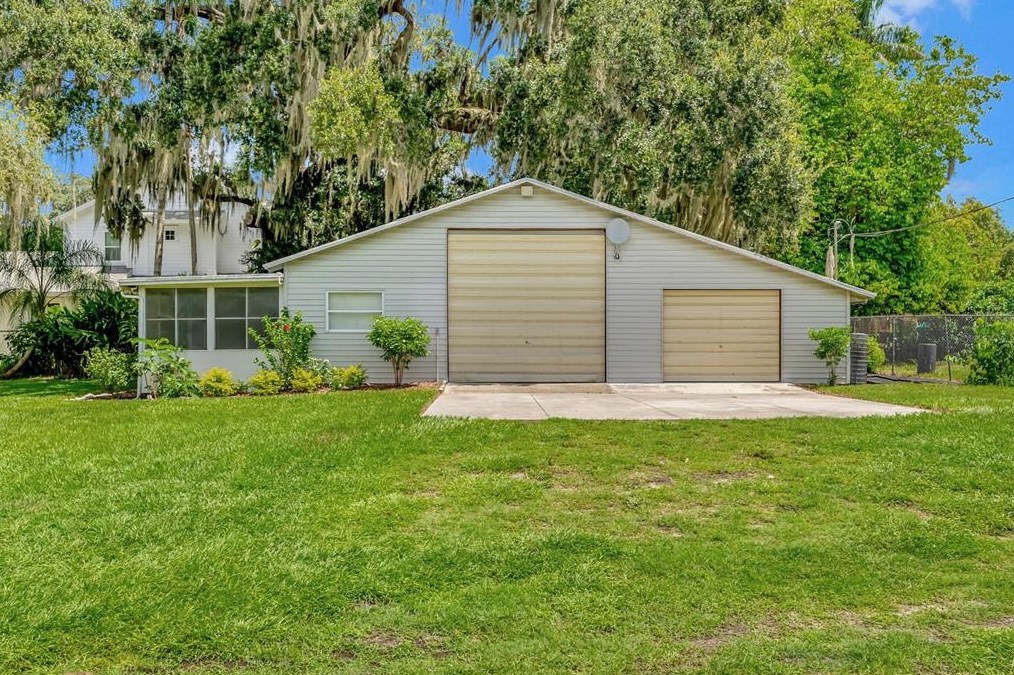 18610 Hanna Rd, Lutz, FL 33549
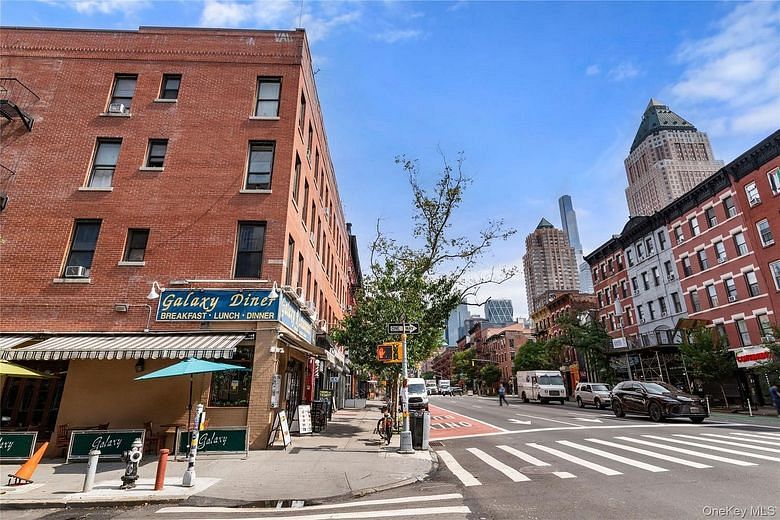 415 W 46 Street #2D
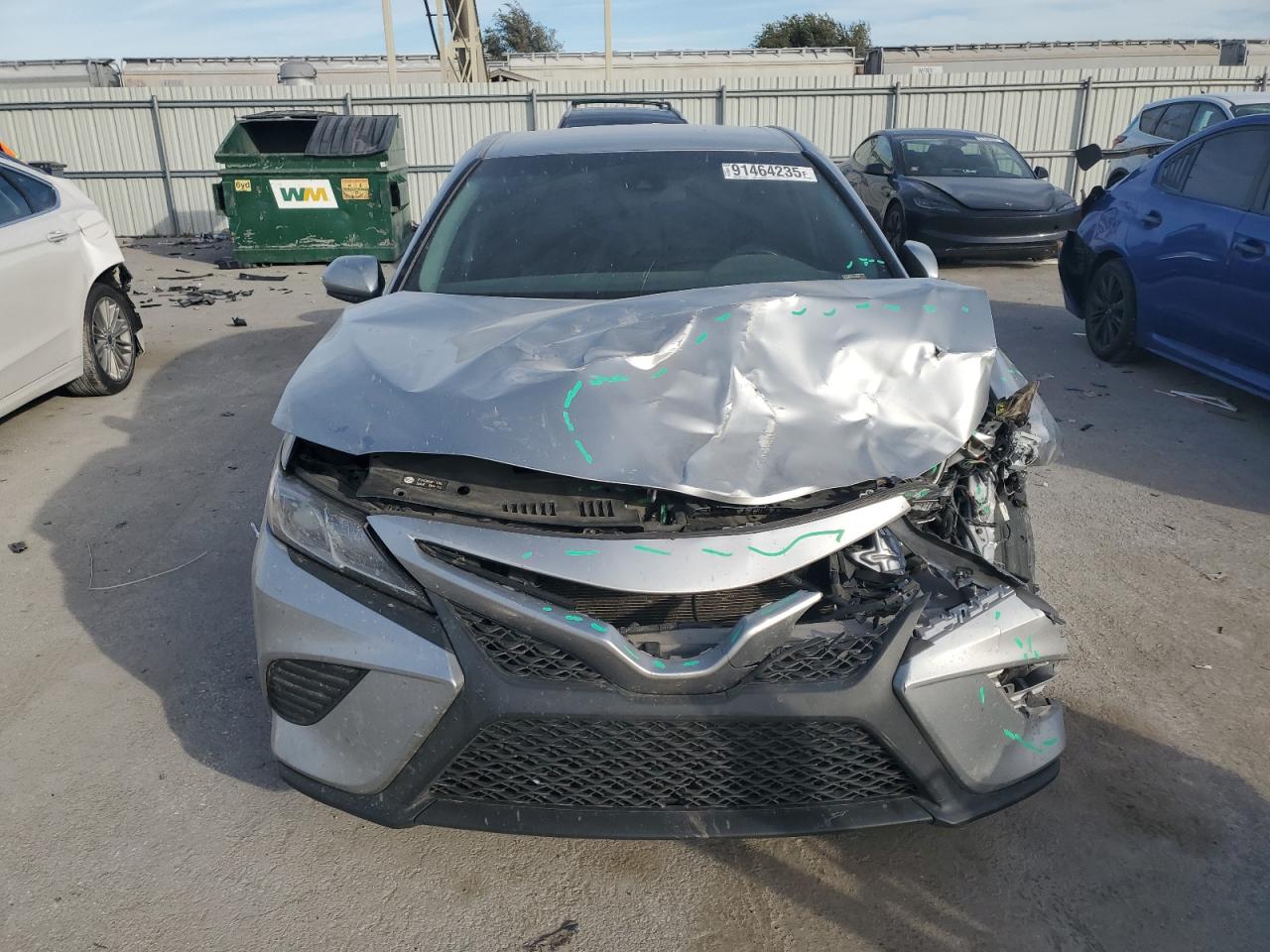 Toyota Camry L Image 8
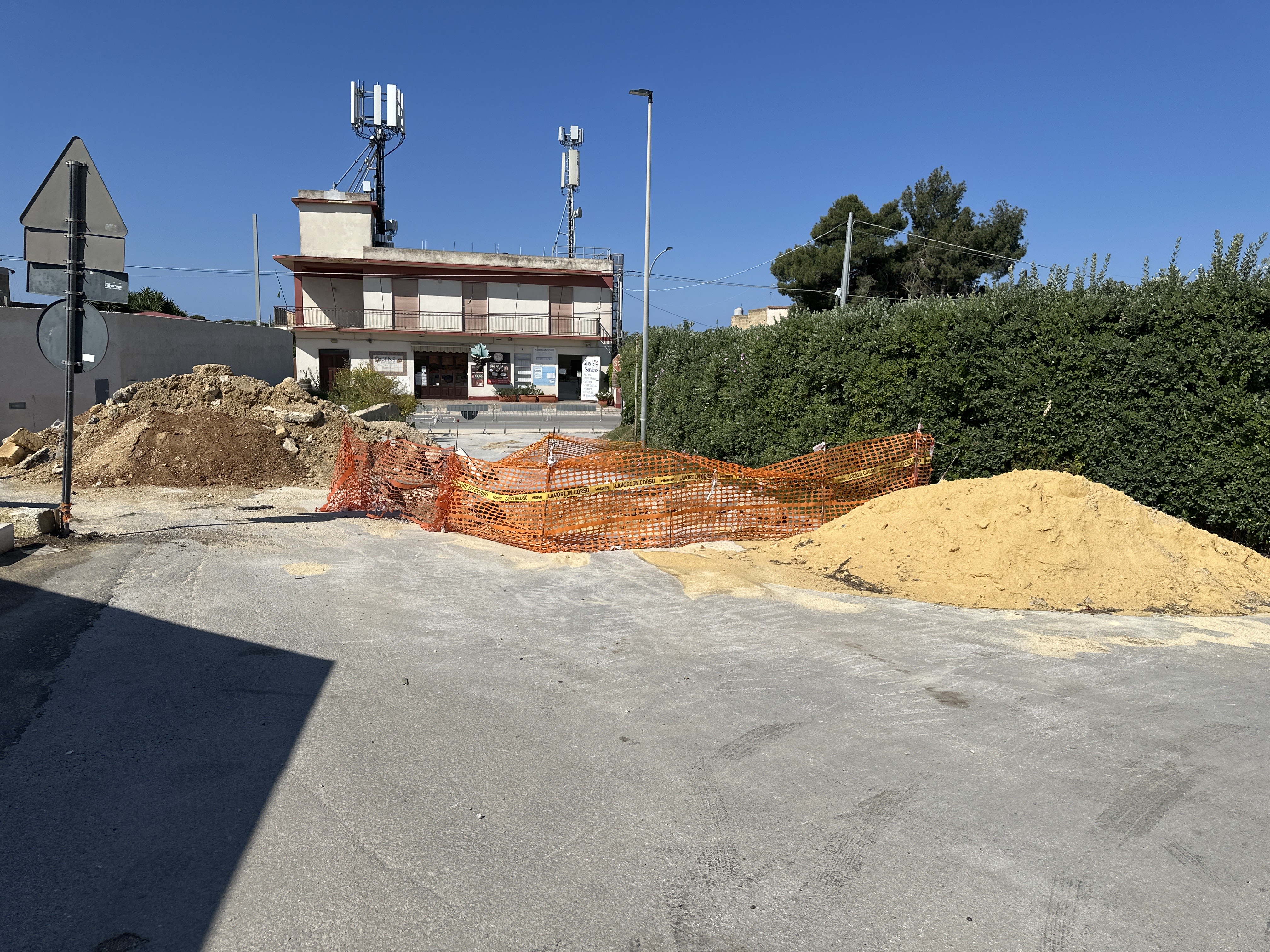 https://www.tp24.it/immagini_articoli/30-04-2025/1746035069-0-marsala-la-strada-di-contrada-cozzaro-ancora-chiusa-e-una-vergogna-nessuno-interviene.jpg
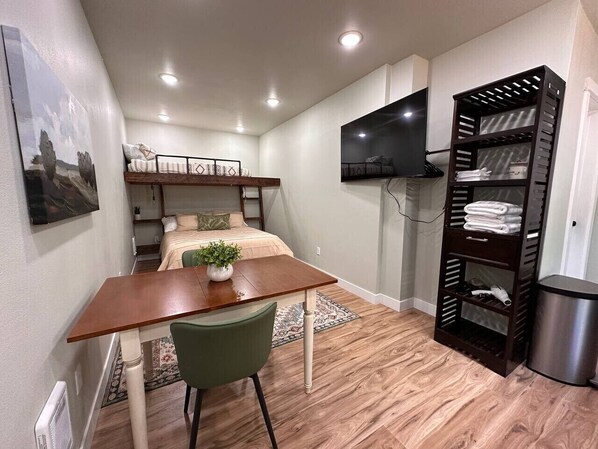 1 bedroom, WiFi, bed sheets - The Green Room (Moscow)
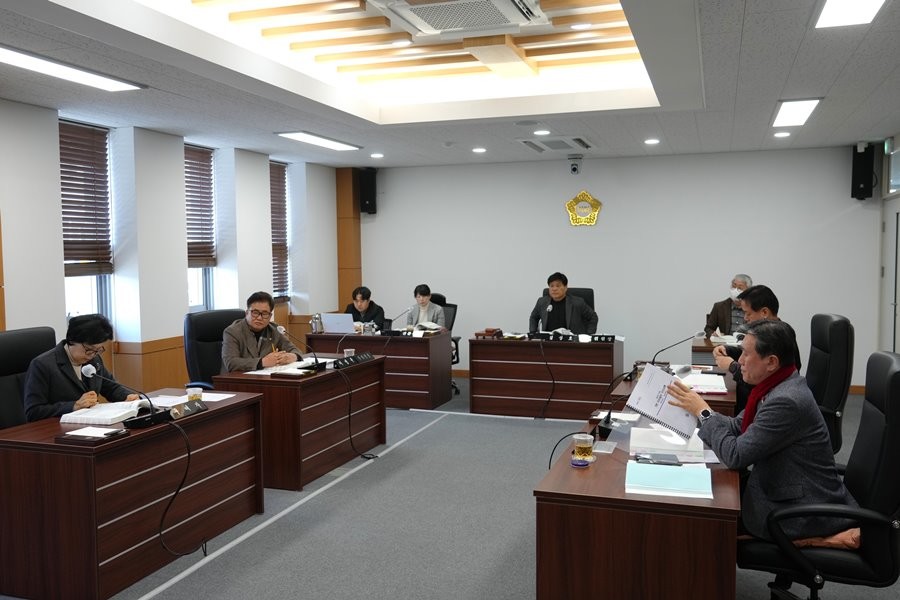 영천시의회 산업건설위원회 위원들이 지난달 시작으로 이달 2일에 걸쳐 제250회 임시회 기간 중 진행된 2026년도 주요업무보고 청취를 하고 있다. / 영천시의회 제공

■ ■ ■ ■ ■ ■ ■

What is needed is a word-for-word restatement of the lines from the one holding "415 W 46 Street #2D" to the final line of the data above, inclusive, without any pictures.

 415 W 46 Street #2D
 Toyota Camry L Image 8
 https://www.tp24.it/immagini_articoli/30-04-2025/1746035069-0-marsala-la-strada-di-contrada-cozzaro-ancora-chiusa-e-una-vergogna-nessuno-interviene.jpg
 1 bedroom, WiFi, bed sheets - The Green Room (Moscow)
 영천시의회 산업건설위원회 위원들이 지난달 시작으로 이달 2일에 걸쳐 제250회 임시회 기간 중 진행된 2026년도 주요업무보고 청취를 하고 있다. / 영천시의회 제공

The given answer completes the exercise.